Activity —
Every line from the one holding "2013 TOYOTA VENZA LE" through the one holding "49 Broadpool Green, Whickham, Newcastle" in the data below must be returned exactly, both ends included, with pictures left out and nothing else added.

Raw data —

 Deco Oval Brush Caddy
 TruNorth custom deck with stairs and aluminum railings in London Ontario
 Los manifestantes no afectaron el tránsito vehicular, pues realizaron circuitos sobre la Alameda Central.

==

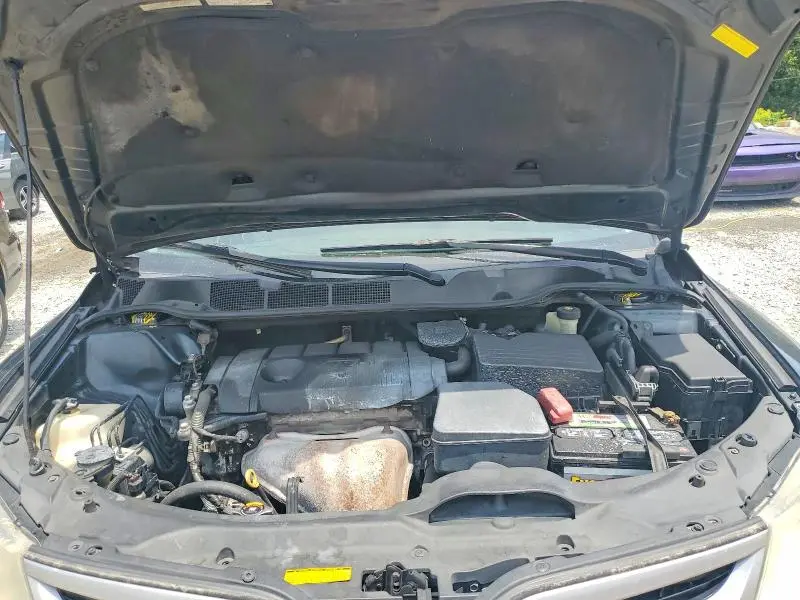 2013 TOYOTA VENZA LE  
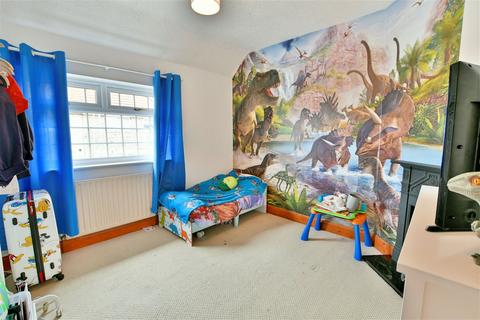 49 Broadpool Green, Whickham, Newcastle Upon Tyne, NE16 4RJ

Written answer —
 2013 TOYOTA VENZA LE  
 49 Broadpool Green, Whickham, Newcastle Upon Tyne, NE16 4RJ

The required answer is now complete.